## SUPPLIED RECORDS
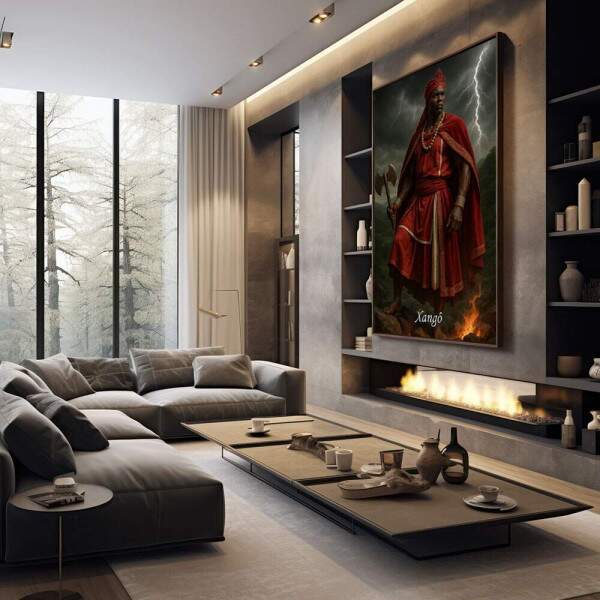 Quadro Decorativo Orix Xang: Justia e Poder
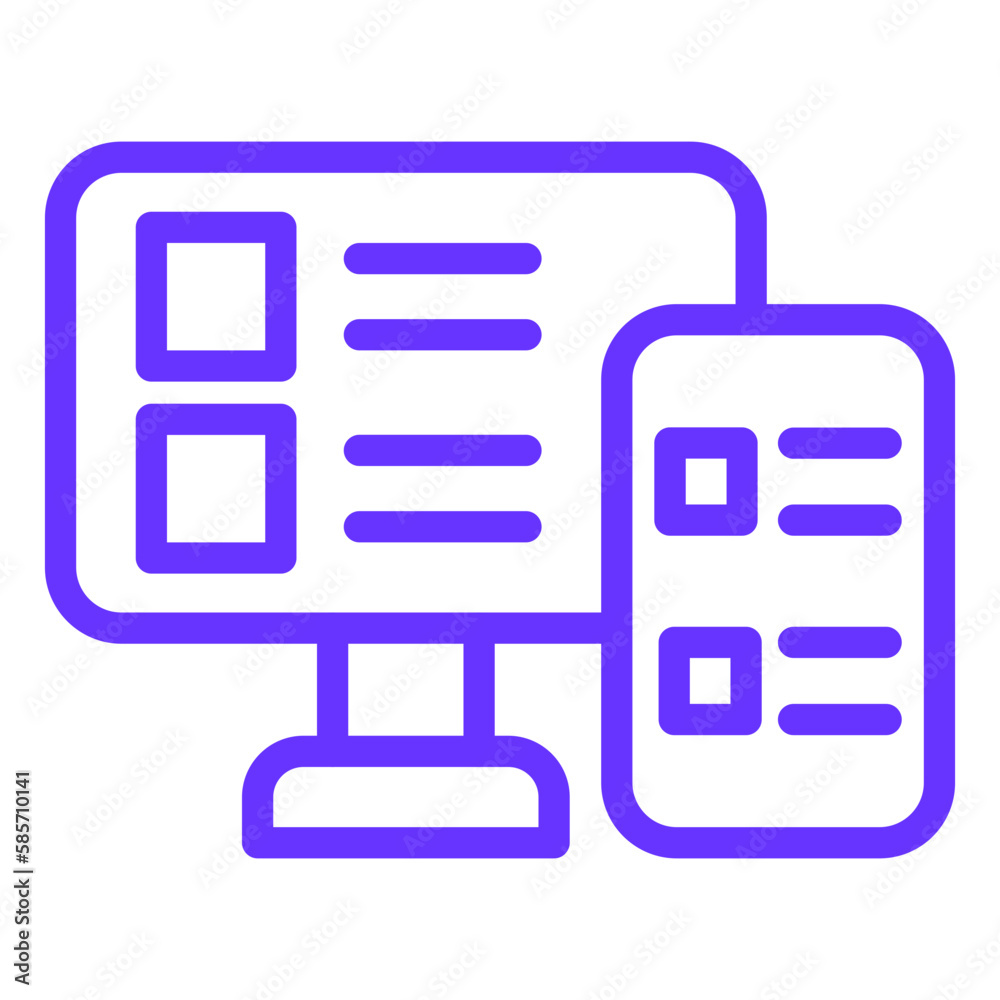 Vector Design Responsive Design Icon Style Vector Design Responsive Design Icon Style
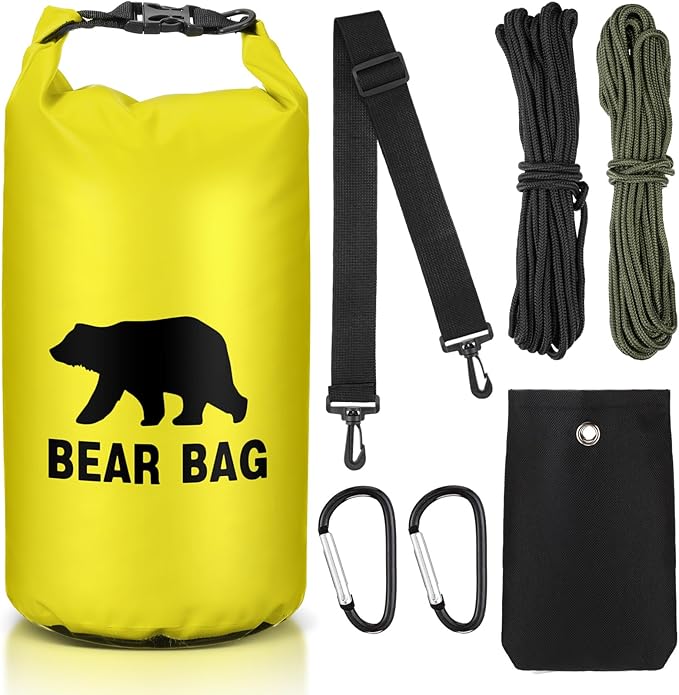 1 Set Bear Food Bag for Camping Ultralight Food Hanging System Includes Waterproof Bear Bag, Nylon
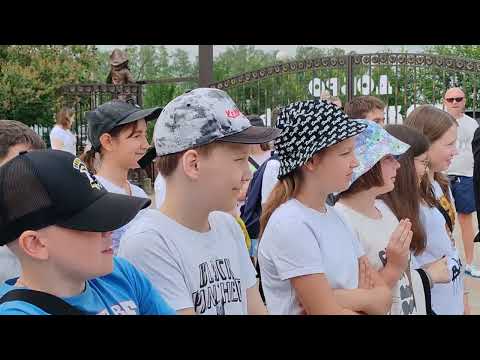 Видео: Открытие 1 смены "Летнего досугового центра"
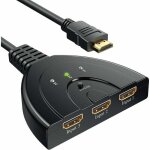 Tigrezy switch 1080p, switch hdmi 3 ports commutateur hdmi sélecteur splitter manuel 3 entrées à 1 sortie ... Tigrezy switch 1080p, switch hdmi 3 ports commutateur hdmi sélecteur splitter manuel 3 entrées à 1 sortie ...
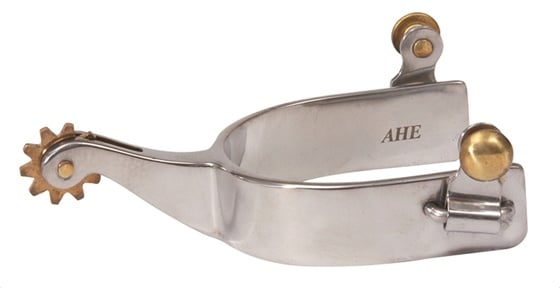 AHE Men's Solid Silver Roping Spur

## WHAT IS EXPECTED
Could you copy, exactly and with no pictures, each line from the first one above to the line holding "Видео: Открытие 1"?

## EXPECTED OUTPUT
 Quadro Decorativo Orix Xang: Justia e Poder
 Vector Design Responsive Design Icon Style Vector Design Responsive Design Icon Style
 1 Set Bear Food Bag for Camping Ultralight Food Hanging System Includes Waterproof Bear Bag, Nylon
 Видео: Открытие 1 смены "Летнего досугового центра"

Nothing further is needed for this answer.